Introduction
This shaft torsion calculator estimates two of the most important responses in a round shaft under torque: the maximum shear stress at the outer surface and the angle of twist over the shaft length. In plain terms, it answers two practical questions engineers ask all the time. First, is the shaft strong enough that the torsional stress stays within a safe range? Second, is it stiff enough that it will not twist so much that the machine feels soft, loses accuracy, or creates alignment problems? Those are related questions, but they are not the same. A shaft can pass a stress check and still twist more than the application allows.
The calculator is intended for a solid circular shaft with constant diameter, uniform material, and linearly elastic behavior. That is the standard textbook torsion model used for many machine design checks, drivetrain sizing studies, and early design comparisons. It is especially useful when you are comparing diameters, checking a proposed shaft layout, or learning how torque, length, material stiffness, and geometry work together. The result is quick, but the physics underneath it is important: a longer shaft twists more, a softer material twists more, and a larger diameter can dramatically reduce both stress and twist.
How to use
Enter the shaft diameter in millimeters, the shaft length in meters, the applied torque in newton-meters, and the shear modulus G in gigapascals. When you press Calculate Torsion, the page converts the units internally and evaluates the standard solid-shaft torsion formulas. If you are working from a machine layout, the length should usually be the distance over which the torque is carried and twist accumulates. If you are checking a material property sheet, make sure you use shear modulus rather than Young’s modulus; they are not interchangeable in torsion.
After calculation, read the two outputs together. The shear stress tells you how heavily the shaft surface is loaded. The angle of twist tells you how much one end rotates relative to the other. If the torque is entered with a negative sign, the calculated twist and stress also carry that sign convention, which can be helpful when you are tracking direction in a larger system. In most design checks, however, the magnitude is what matters for comparison with allowable values or performance limits.

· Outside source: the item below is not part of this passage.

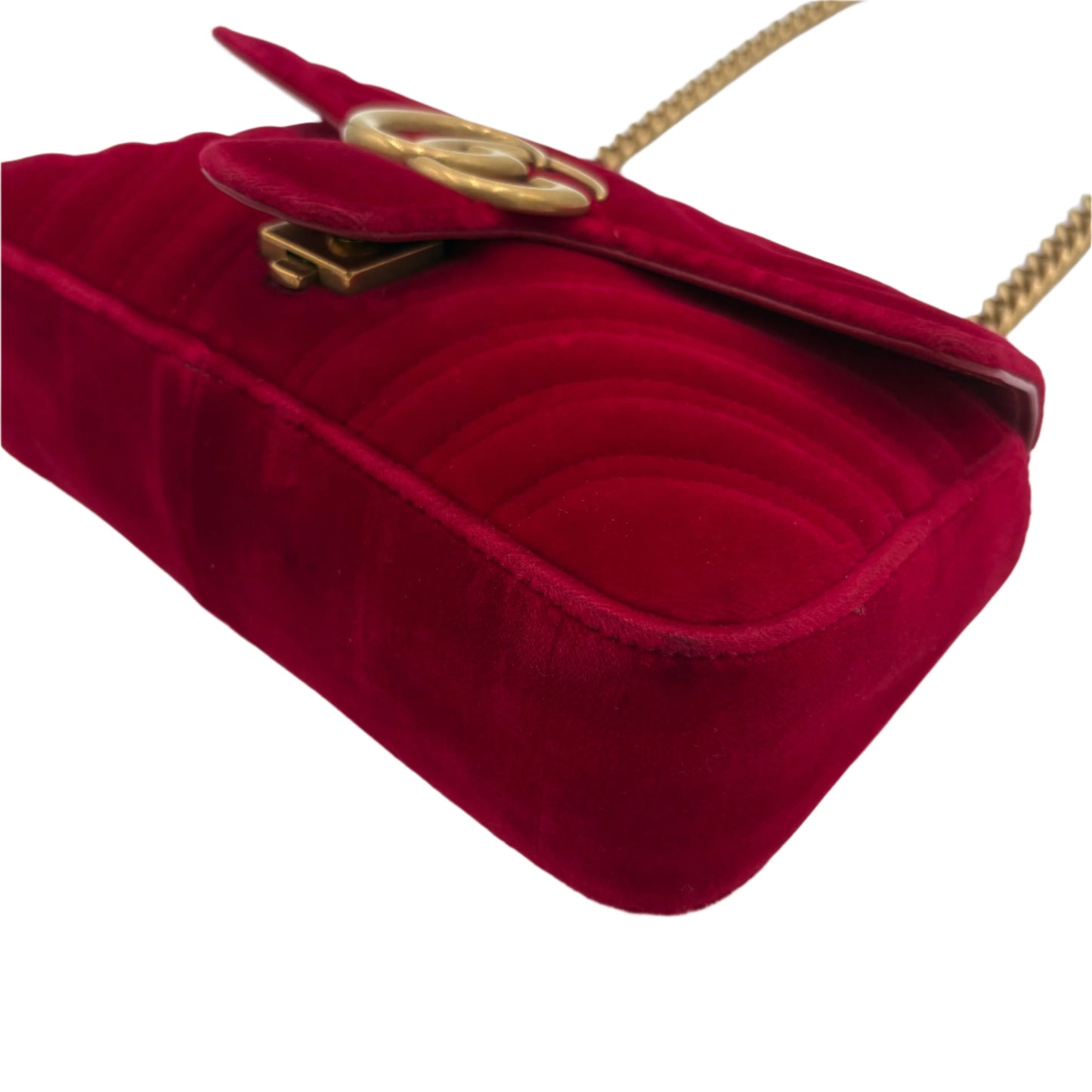Gucci Velvet GG Velvet Marmont Small Red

A good workflow is to start with an estimated diameter, calculate the response, and then adjust the diameter until both stress and twist are acceptable. Because the polar moment grows with the fourth power of radius, small diameter changes can have a surprisingly large effect. That is why torsion sizing often feels nonlinear: a shaft that seems only slightly larger can be much stiffer and much less stressed than the original option.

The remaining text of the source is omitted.